All of the records below need to be returned exactly.

Records from a dataset:
- Opening Delimiter -

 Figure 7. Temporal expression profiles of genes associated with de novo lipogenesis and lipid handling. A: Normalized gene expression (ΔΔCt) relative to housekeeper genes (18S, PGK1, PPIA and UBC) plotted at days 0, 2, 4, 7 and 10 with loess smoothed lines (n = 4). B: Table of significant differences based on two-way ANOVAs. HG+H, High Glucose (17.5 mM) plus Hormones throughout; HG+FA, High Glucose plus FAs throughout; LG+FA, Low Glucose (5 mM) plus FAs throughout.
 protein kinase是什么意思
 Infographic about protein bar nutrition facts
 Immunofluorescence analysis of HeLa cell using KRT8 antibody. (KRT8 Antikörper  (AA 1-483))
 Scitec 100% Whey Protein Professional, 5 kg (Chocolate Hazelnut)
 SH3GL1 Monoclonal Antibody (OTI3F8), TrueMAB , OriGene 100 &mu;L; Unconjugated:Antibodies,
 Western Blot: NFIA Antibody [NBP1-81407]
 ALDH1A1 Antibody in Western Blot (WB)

- Closing Delimiter -

**Task response:**
 Figure 7. Temporal expression profiles of genes associated with de novo lipogenesis and lipid handling. A: Normalized gene expression (ΔΔCt) relative to housekeeper genes (18S, PGK1, PPIA and UBC) plotted at days 0, 2, 4, 7 and 10 with loess smoothed lines (n = 4). B: Table of significant differences based on two-way ANOVAs. HG+H, High Glucose (17.5 mM) plus Hormones throughout; HG+FA, High Glucose plus FAs throughout; LG+FA, Low Glucose (5 mM) plus FAs throughout.
 protein kinase是什么意思
 Infographic about protein bar nutrition facts
 Immunofluorescence analysis of HeLa cell using KRT8 antibody. (KRT8 Antikörper  (AA 1-483))
 Scitec 100% Whey Protein Professional, 5 kg (Chocolate Hazelnut)
 SH3GL1 Monoclonal Antibody (OTI3F8), TrueMAB , OriGene 100 &mu;L; Unconjugated:Antibodies,
 Western Blot: NFIA Antibody [NBP1-81407]
 ALDH1A1 Antibody in Western Blot (WB)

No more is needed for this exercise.